Aritzia’s earnings have also seen significant growth, rising from $57 million to $188 million in the same five-year period. This 230% increase in earnings highlights the company’s ability to effectively manage costs and expand its profit margins despite challenging market conditions.
The company’s aggressive expansion plans, particularly in the United States, and potential ventures into men’s clothing, position it well for continued success. Sales are projected to grow by over 13% annually for the next four years. While earnings may experience a temporary dip this year due to lower margins, they are expected to rebound with a 33% increase next fiscal year.
Capstone Copper
Now for one maybe off your radar. Capstone Copper (TSX:CS) has also seen an impressive rise in share price. For instance, Capstone Copper recently announced the successful production of its first saleable copper concentrate at the Mantoverde Development Project (MVDP) in Chile. This milestone marks a significant step forward in the company’s expansion plans, as the MVDP is expected to substantially increase Capstone’s copper output and reduce production costs, enhancing overall profitability.
Capstone also operates in prime copper-producing regions including the United States, Chile, and Mexico. The company’s diversified portfolio of assets positions it well to benefit from the increasing global demand for copper, driven by the electrification of industries and shift towards renewable energy sources.
Despite some recent fluctuations in earnings, Capstone Copper has shown resilience. The company’s strategic initiatives and expansions are expected to drive future growth. Analysts project that Capstone’s revenues will continue to grow, supported by the increased production capacity from new projects like the MVDP. Moreover, the recent equity offerings have strengthened Capstone’s financial position, providing the necessary capital to fund further expansions and reduce debt.
Capstone Copper’s stock has shown strong performance over the past year, outperforming the broader Canadian metals and mining industry.
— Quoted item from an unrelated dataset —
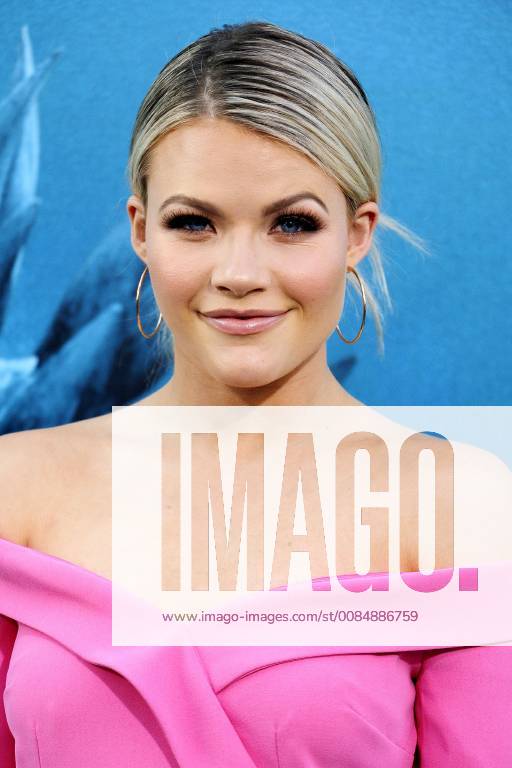 Whitney Carson at The Meg Film Premiere on 6th Aug 2018 in Hollywood Los Angeles The Meg Film Premiere in Hollywood Los Angeles 2018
The stock has gained approximately 30.2% over the past year, reflecting investor confidence in its growth prospects. Despite this rise, Capstone’s stock remains attractively valued, offering a favourable entry point for long-term investors.
Bottom line
Aritzia’s strong historical performance, strategic expansion, and promising growth projections make it a compelling investment option. The recent 11% rise in stock price post-earnings is a testament to the market’s confidence in the company’s future. For investors looking to add a high-potential growth stock to their portfolio, Aritzia offers an attractive opportunity.
Meanwhile, Capstone Copper offers a unique blend of strong production growth, strategic market position, solid financial outlook, and favourable valuation. These factors make it a compelling investment for those looking to benefit from the global demand for copper. As Capstone continues to execute its strategic initiatives, investors can expect significant returns in the long term.